TASK ITEM - Exactly the lines from the one containing "[杭州·浙A] 二手依维柯依维柯褒迪2013款 2.5T-V39 箱货高顶" through the final line of the data below, with pictures omitted, make up the answer.
*** INFORMATION GIVEN Section Begins ***
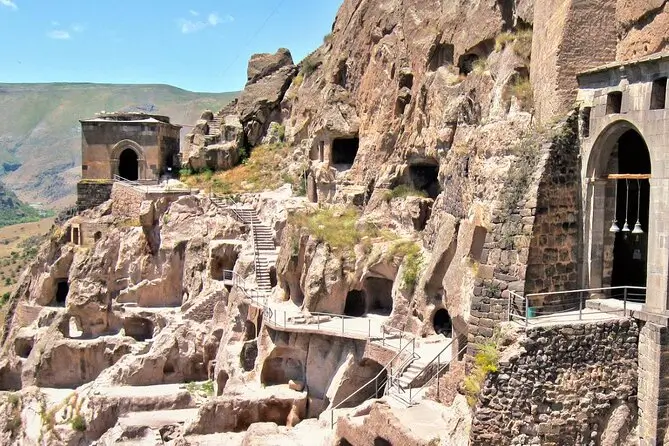مجمع فاردزيا الكهفي بورجومي جورجيا تاريخ
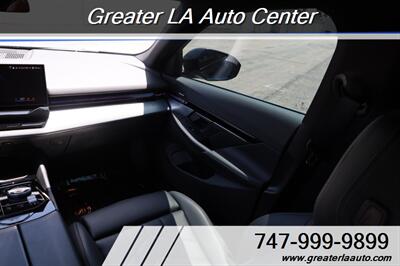 2025 BMW 5 Series 530i - Photo 18 - Sun Valley, CA 91352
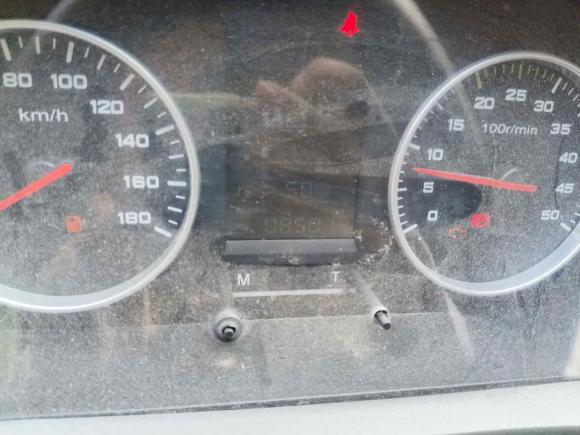 [杭州·浙A] 二手依维柯依维柯褒迪2013款 2.5T-V39 箱货高顶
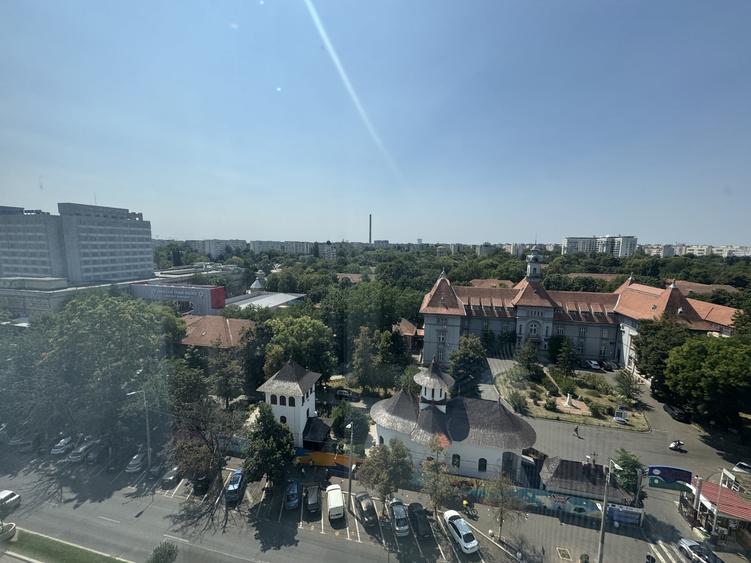 Apartament cu 2 camere decomandat, mobilat în Berceni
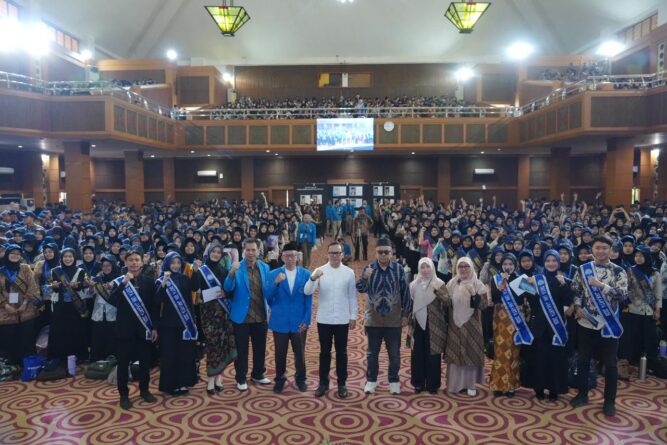 Bangun Indonesia, Wamendagri Bima Ajak Generasi Muda Ambil Peran di Tengah Disrupsi Digital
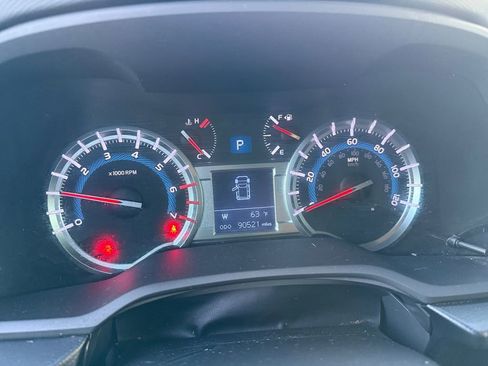 Used 2015 Toyota 4Runner SR5 image 18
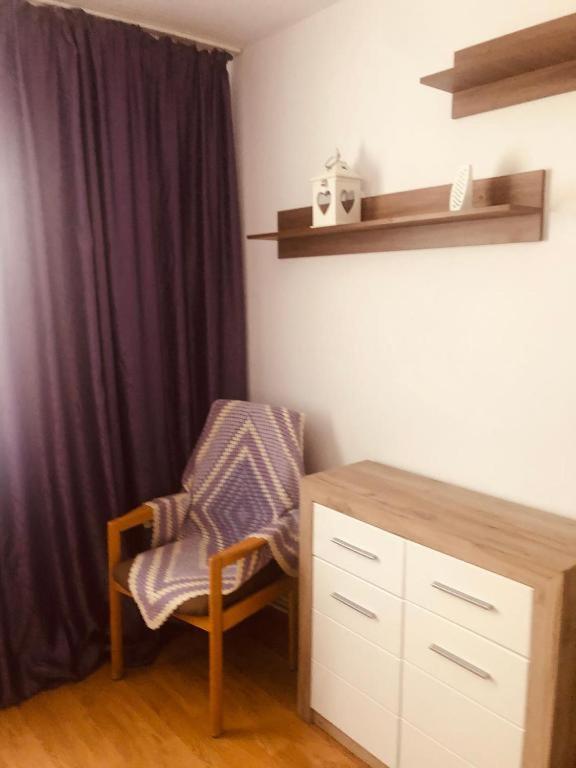 One-Bedroom Apartment - Photo 7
*** INFORMATION GIVEN Section Ends ***
WRITTEN ANSWER -
 [杭州·浙A] 二手依维柯依维柯褒迪2013款 2.5T-V39 箱货高顶
 Apartament cu 2 camere decomandat, mobilat în Berceni
 Bangun Indonesia, Wamendagri Bima Ajak Generasi Muda Ambil Peran di Tengah Disrupsi Digital
 Used 2015 Toyota 4Runner SR5 image 18
 One-Bedroom Apartment - Photo 7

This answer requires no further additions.